Syntax, AST, and the SVO Model

Understanding how CNL-PL bridges the gap between readable English and rigid logic through deterministic structural rules.

The SVO Foundation (Subject-Verb-Object)

At the very core of the Controlled Natural Language (CNL) architecture lies the SVO triplet. In natural languages like English, sentence structures can be incredibly fluid. A sentence might start with a prepositional phrase, use passive voice, or bury the subject deep within a clause. While this flexibility allows for poetic expression, it is catastrophic for a deterministic compiler.

CNL-PL solves this by enforcing a strict Subject-Verb-Object structure for every atomic assertion. This is not merely a grammatical preference; it is the fundamental data structure of the language. When the parser encounters a sentence, it is not trying to "understand" it in the AI sense. Instead, it is mechanically mapping tokens into slots.

For example, in the sentence "The server handles high load", the architecture does not see three words. It sees a Subject entity (server), a Relation or verb phrase (handles), and an Object entity (high load). This triplet forms the "atomic fact" or Assertion. Complex logic is built simply by combining these atomic triplets using boolean operators, but the triplets themselves remain the immutable building blocks of truth in the system.

Quick examples

Short examples show how strict syntax prevents ambiguity.

Valid atomic sentence:
Truck_A is assigned to Warehouse_7.

Invalid (missing determiner):
driver is assigned to a route.

Valid relative clause:
A user who is active and who knows python is an admin.

Aggregations and comparators

Aggregations produce numeric values, and comparators express numeric constraints without becoming predicates.
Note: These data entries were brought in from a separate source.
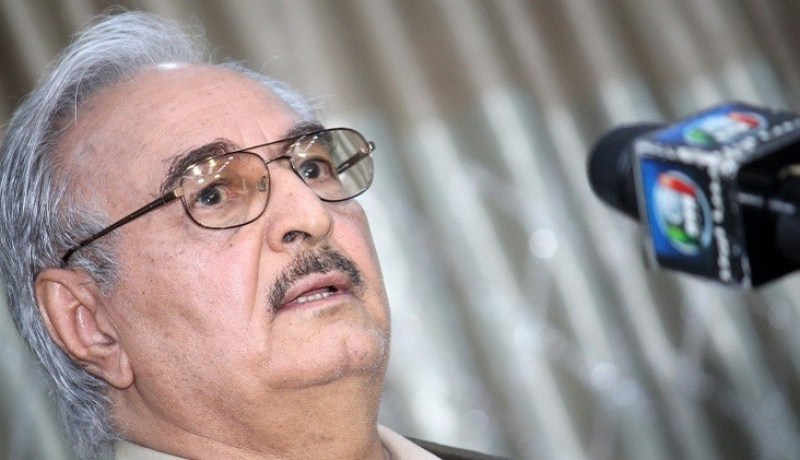 قوات حفتر تستعد لشن هجوم بري لتحرير طرابلس من “فجر ليبيا”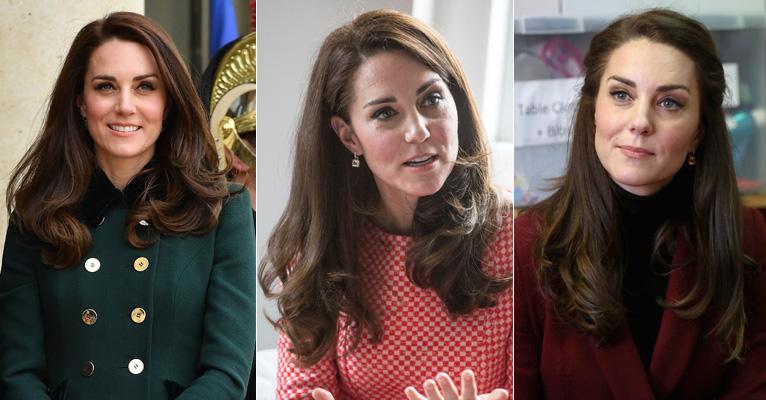 Saiba como deixar sua sobrancelha falhada preenchida e delineada, como a de Kate Middleton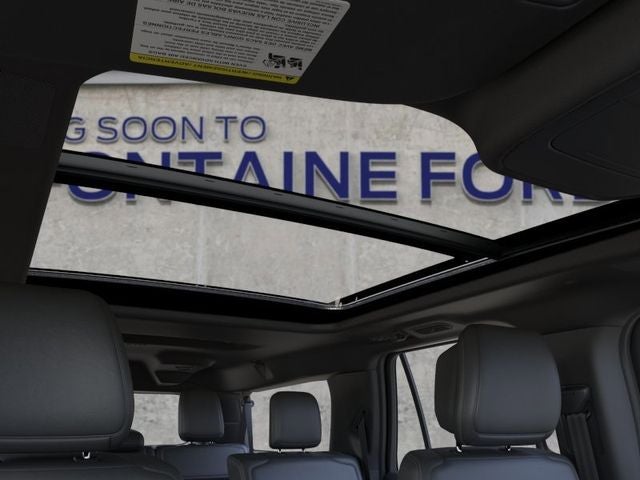 2026 Ford Expedition Max Platinum In-Transit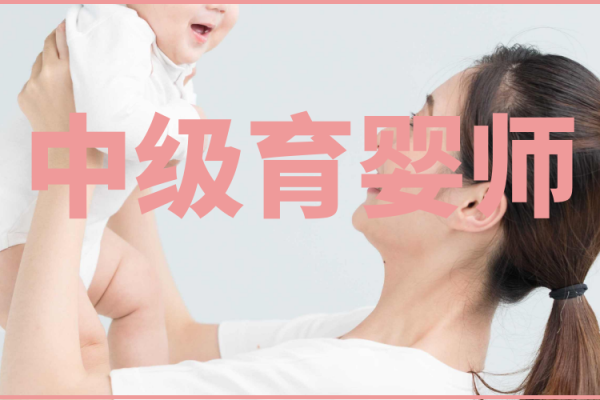 中级育婴师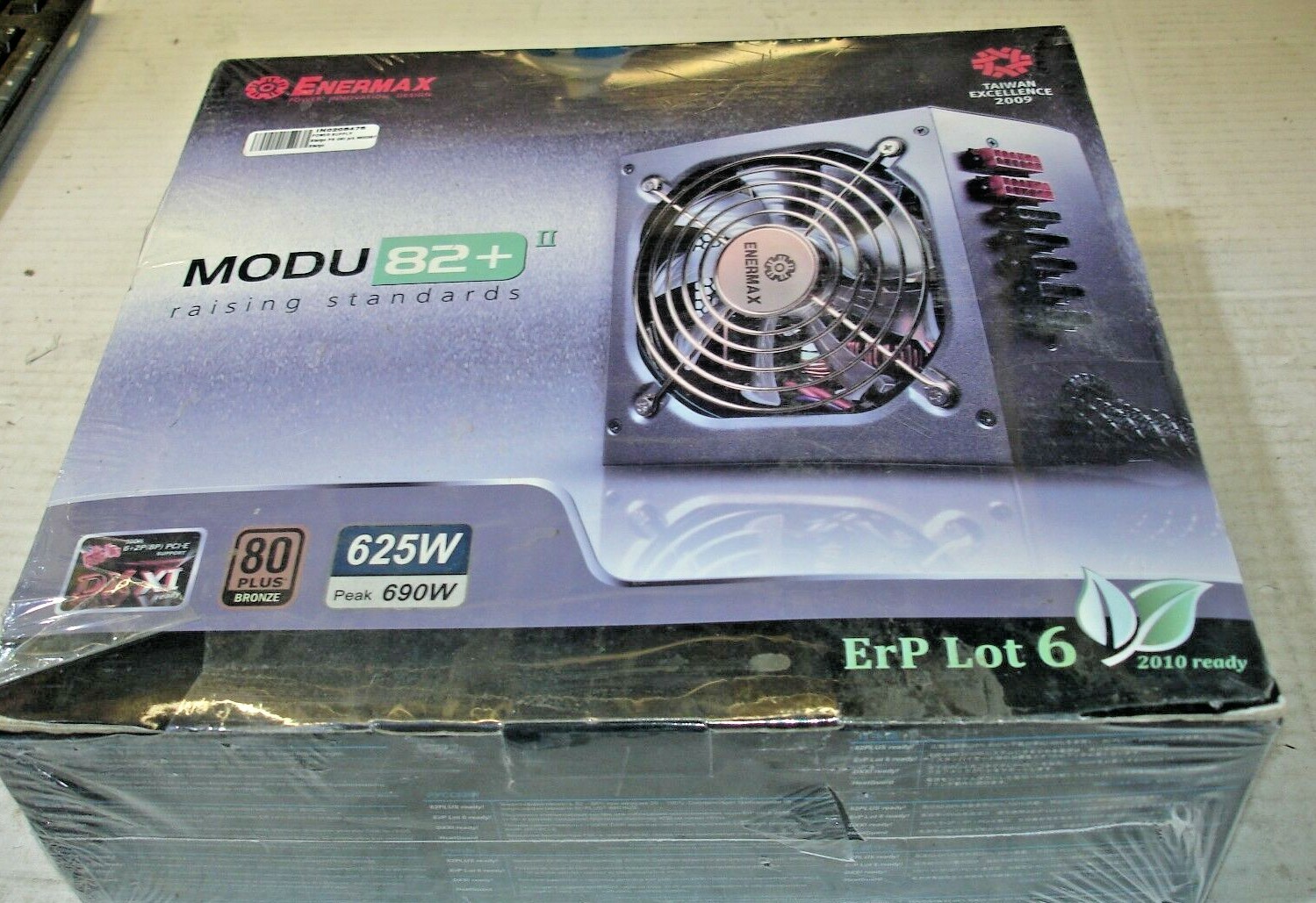 ENERMAX MODU82+ EMD625AWT 625W POWER SUPPLY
Both are parsed into structured AST nodes.

The number of packages is greater than 10.
The sum of weight of every package is less than 5000.

The Lossless AST

The AST (Abstract Syntax Tree) in CNL-PL differs significantly from ASTs in traditional programming languages like JavaScript or Python. In those languages, the AST is often "lowered" or simplified immediately—comments are discarded, whitespace is irrelevant, and syntactic sugar is desugared.

In CNL-PL, the AST is designed to be lossless. It preserves the exact lexical spans (start and end positions) of every node relative to the source text. This is critical for the "Explain" pragmatic. When the system needs to report an error or explain a deduction, it must point back to the exact words the user typed, not a reconstructed approximation.

Furthermore, the AST structure is rigid regarding Canonical Forms. While the user might write "X is greater than Y", the AST normalizes this into a specific Comparison node. However, it retains the knowledge that this came from a natural language sentence. This duality—rigid logical structure on the inside, natural language mapping on the outside—is what makes the AST the "source of truth" for the compiler.

Grammar and EBNF

The rules governing what constitutes a valid sentence are defined using EBNF (Extended Backus-Naur Form). This formal notation describes the syntax recursively. For instance, an EBNF rule might state that a Statement consists of a Sentence followed by a period EOF marker.

Crucially, CNL-PL uses strict token definitions (IDENT for identifiers, strings, numbers). One of the most common sources of ambiguity in natural language parsers is deciding what is a keyword and what is a name. CNL-PL solves this with the "Longest Match" rule in the lexer and strict Action Blocks. If a word is a reserved keyword, it cannot be used as an identifier unless quoted or escaped. This eliminates the "garden path sentence" problem where the parser gets halfway through a sentence before realizing it misunderstood the first word.